Beneath this line are entries. Copy the range from the line with "Maison Montauban 4" to the line with "La Huerta De", ends included, exactly; leave pictures out.

------ SOURCE RECORDS

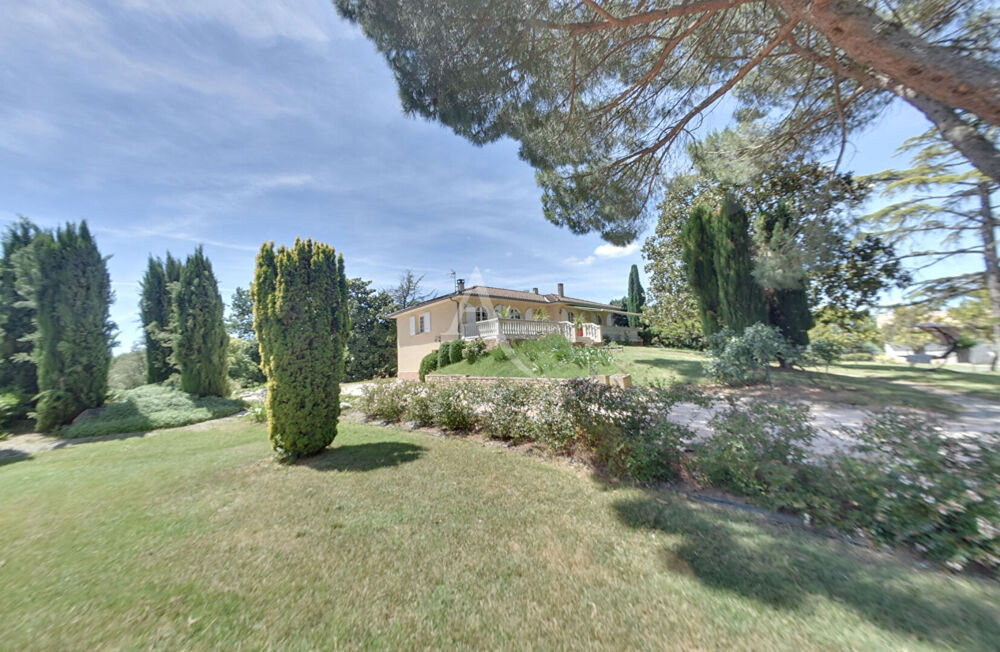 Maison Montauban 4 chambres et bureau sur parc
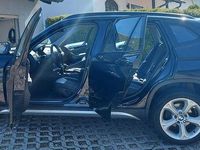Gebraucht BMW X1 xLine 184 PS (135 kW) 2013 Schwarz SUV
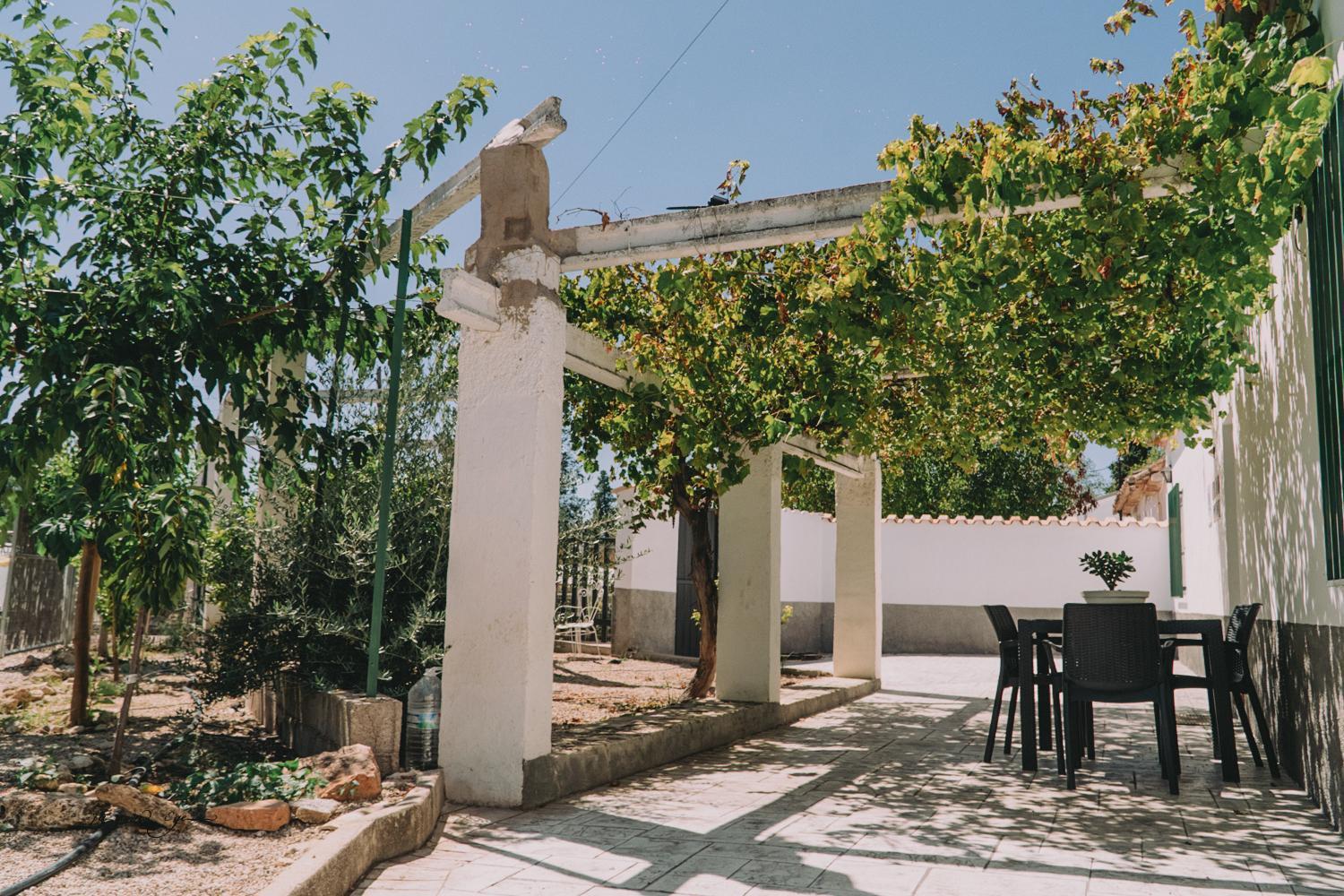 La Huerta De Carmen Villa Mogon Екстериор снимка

------------
------ SOURCE RECORDS

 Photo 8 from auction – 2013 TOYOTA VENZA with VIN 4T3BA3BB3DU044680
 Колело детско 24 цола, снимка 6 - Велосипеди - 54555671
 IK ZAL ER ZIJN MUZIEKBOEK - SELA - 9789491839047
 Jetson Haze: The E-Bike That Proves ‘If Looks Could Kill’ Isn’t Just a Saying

------------

#### [ANSWER TO THE PROBLEM]
 Maison Montauban 4 chambres et bureau sur parc
Gebraucht BMW X1 xLine 184 PS (135 kW) 2013 Schwarz SUV
 La Huerta De Carmen Villa Mogon Екстериор снимка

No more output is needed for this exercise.